3. Partial Payments. If the Borrower makes only a partial principal, interest or
fee payment to GMC under the Loan Papers, Purchaser shall be entitled to receive
an amount equal to Purchaser's Pro Rata part of such payment.
4. Payments to Purchaser. Purchaser's share of each interest, principal,
reimbursement, or fee payment shall be received by GMC in trust on behalf of
Purchaser and shall be paid to Purchaser by check within ten (10) days after
receiving the applicable payment from Borrower.
5. Required Repayments to the Borrower. Purchaser shall repay to GMC any sums
paid to GMC by the Borrower and distributed by GMC to Purchaser which GMC shall
be required to return to the Borrower or to any receiver, trustee, or custodian
for the Borrower. In the event Purchaser fails or refuses to make any such
payment or fails or refuses to pay its Pro Rata Part of the Loan (as required in
Paragraph 2) to GMC directly, GMC shall be entitled to fund Purchaser's portion
of such payment and offset against Purchaser's portion of all sums received by
GMC under Paragraph 1 until reimbursed therefor by Purchaser.

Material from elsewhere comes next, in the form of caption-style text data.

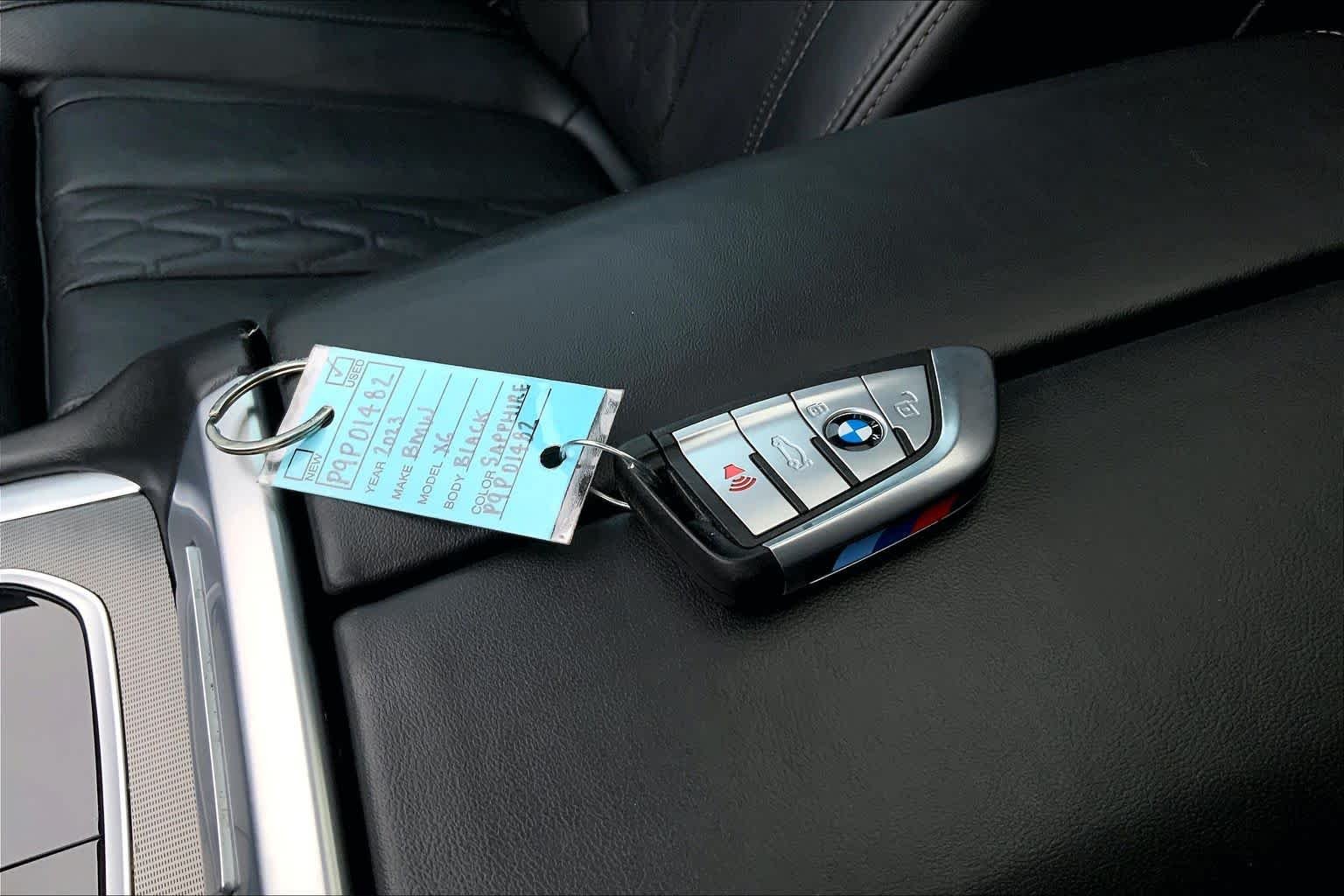 Used 2023 Black Sapphire Metallic BMW xDrive40i image 14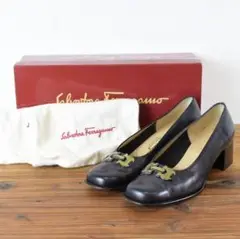 近年モデル Salvatore Ferragamo フェラガモ ガンチーニ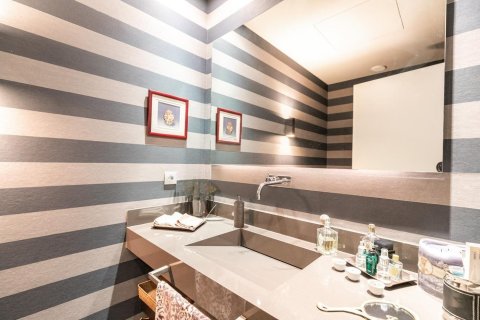 Apartamento en venta en Barcelona, España 6 dormitorios, No. 141017 - foto 26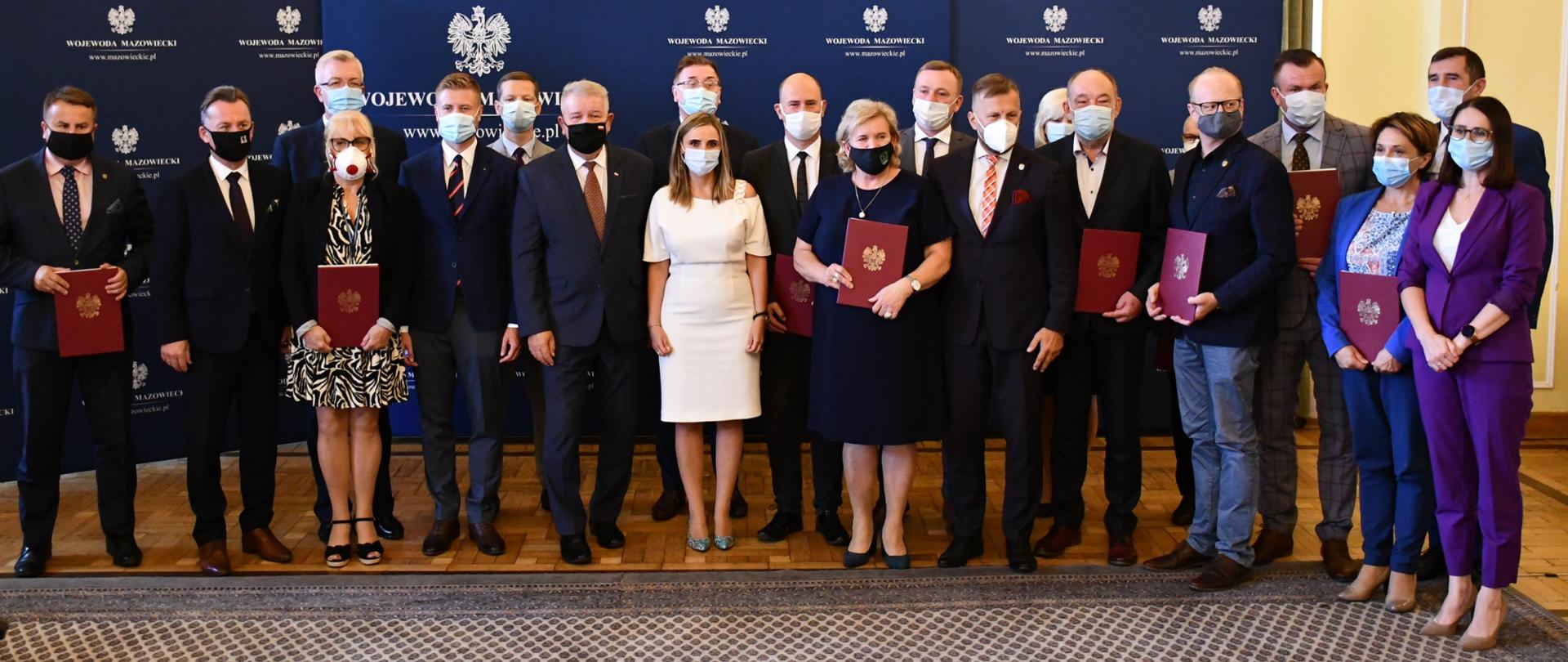 Na zdjęciu widać kobiety i mężczyzn podczas podpisania umów w ramach programu Maluch+ 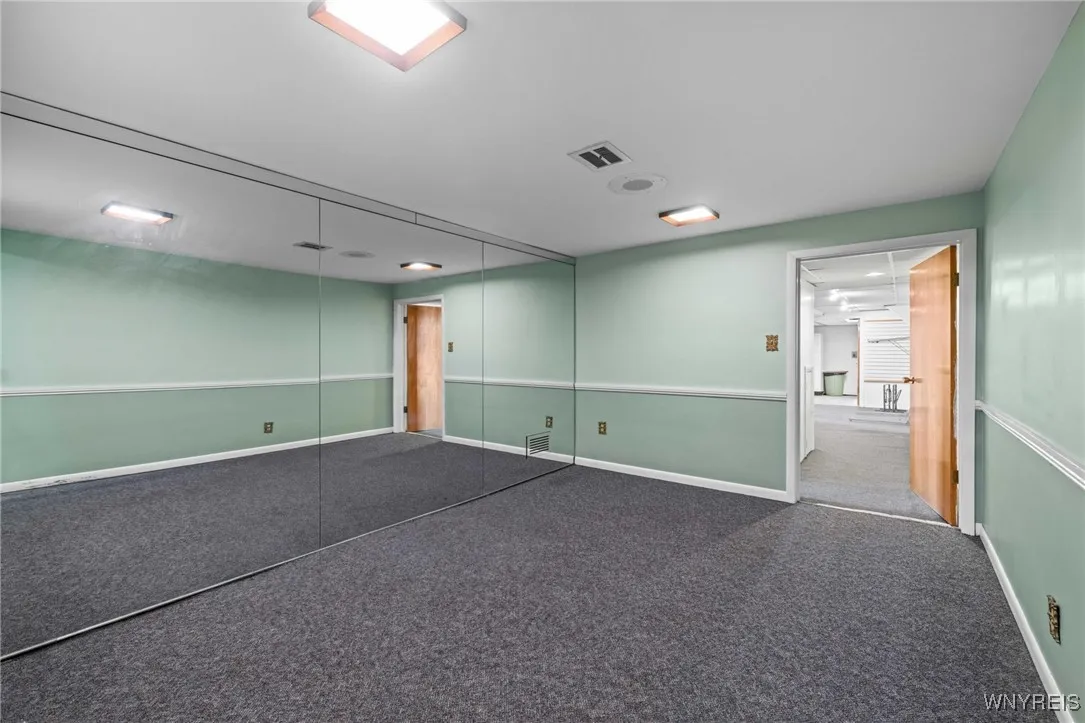 1975 Seneca Street, Buffalo, New York 14210, Buffalo, New York 14210, ,Commercial Sale,For Sale,1975 Seneca Street, Buffalo, New York 14210,0,B1639363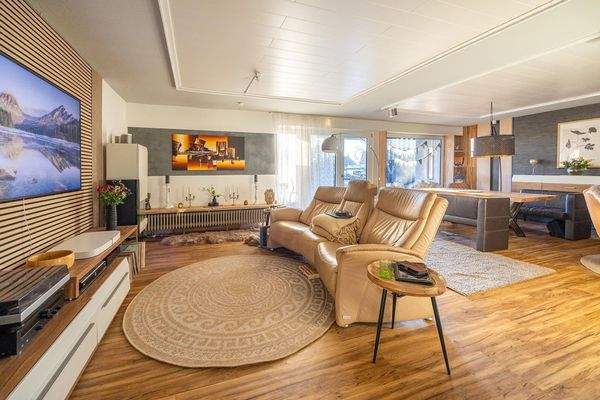 Wohn- und Esszimmer mit Zugang Terrasse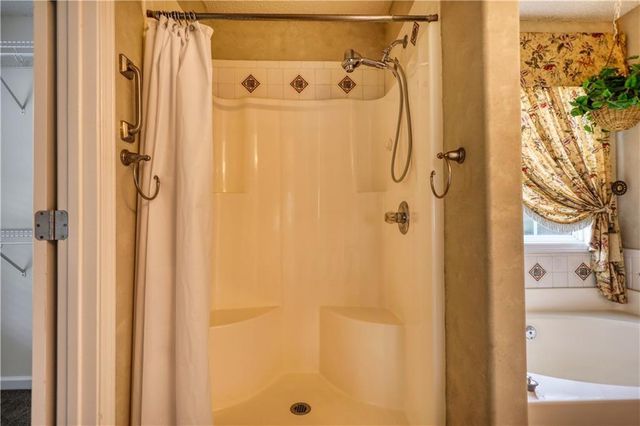 1127 Bradford Park Drive, Auburn, GA 30011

Furthermore, any
such amount paid by GMC on behalf of Purchaser shall be payable to GMC on demand
and shall bear interest for each day from the date of such payment until it is
repaid by Purchaser at the highest rate allowed by law.
6. Fees and Expenses. Purchaser shall pay its Pro Rata Part of all reasonable
attorneys' fees and other expenses incurred by GMC in connection with the
enforcement of the obligations of the Borrower under any Loan Paper, and
Purchaser shall be entitled to its Pro Rata Part of any payment subsequently
received by GMC with respect to such fees and expenses.
7. No Ability of Purchaser to Enforce the Loan Papers. Purchaser hereby agrees
that it shall not have any right or responsibility to enforce the obligations of
the Borrower or any other participation in the Loan Papers, and except as
expressly provided herein to the contrary, all rights pursuant to the Loan
Papers (or otherwise) of GMC to secure payment of the obligations of the
Borrower under the Loan Papers shall be so held and such rights shall be
exercised solely by and at the option of GMC for the ratable benefit of GMC,
Purchaser, and any other participants in such Loan (collectively, "Lenders").
Purchaser hereby acknowledges and agrees that this Agreement and any such
Individual Loan Participation as may be created hereafter do not confer on
Purchaser any right to vote on, approve or sign amendments or waivers, or to
exercise any legal or equitable right, remedy or other claim under the Loan
Papers, except as may be otherwise provided herein.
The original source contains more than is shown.